-- Collected material --
--------

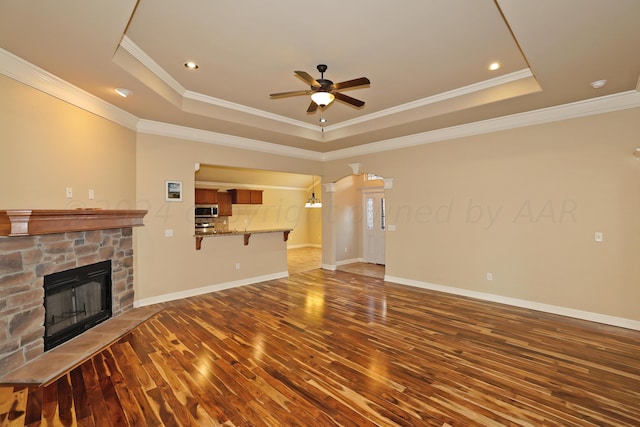9315 Gaston Ave, Amarillo, TX 79119 - unfurnished living room featuring a raised ceiling and ornamental molding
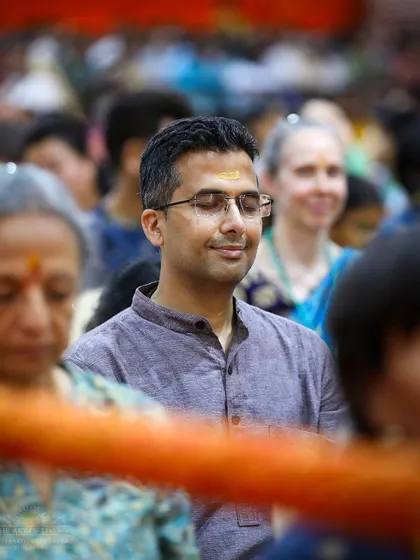 A participant meditates during a Homa ceremony. The sacred fire and chants help to purify the mind and environment, making it easier to slip into a state of deep, effortless meditation.
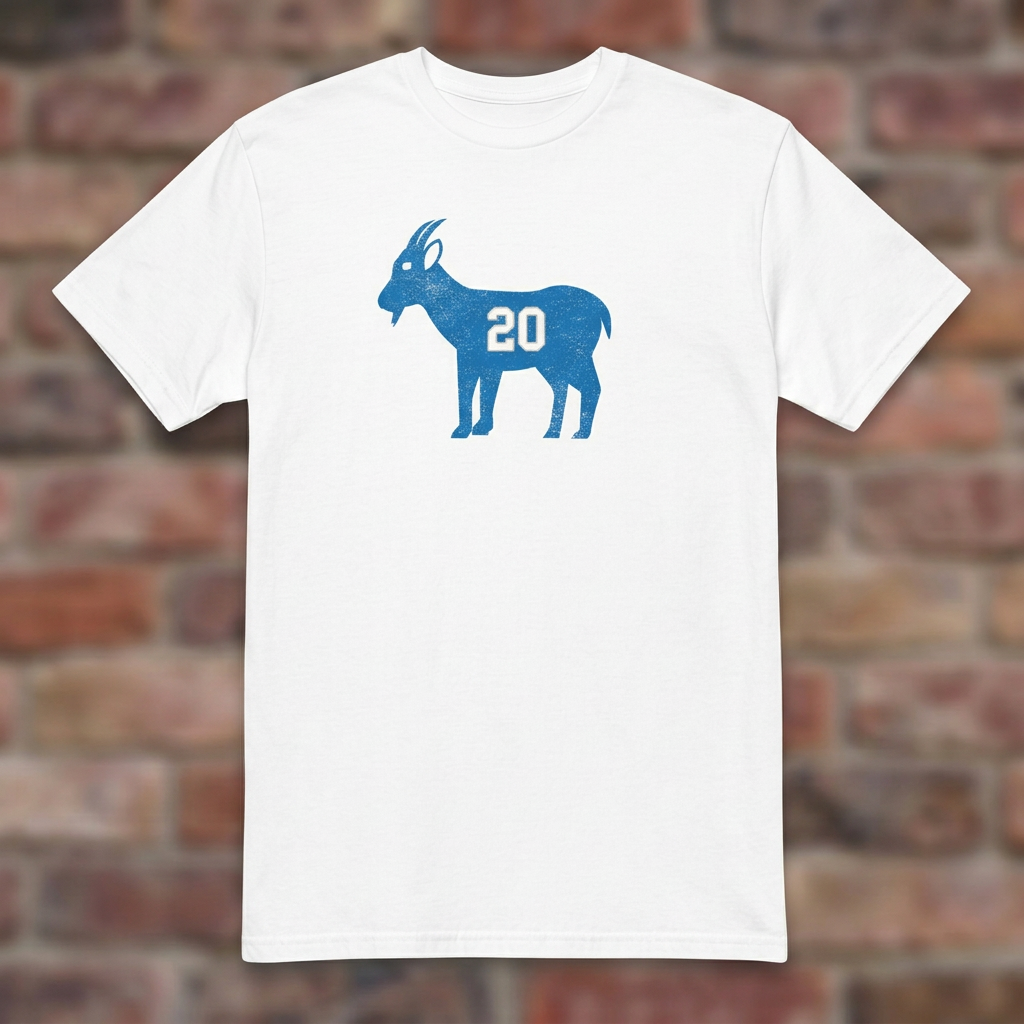 GOAT Barry White T-shirt flat lay on brick background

--------

-- What is required --
Faithful copy, images left out: write out every line of data.

-- Response to this task --
9315 Gaston Ave, Amarillo, TX 79119 - unfurnished living room featuring a raised ceiling and ornamental molding
 A participant meditates during a Homa ceremony. The sacred fire and chants help to purify the mind and environment, making it easier to slip into a state of deep, effortless meditation.
 GOAT Barry White T-shirt flat lay on brick background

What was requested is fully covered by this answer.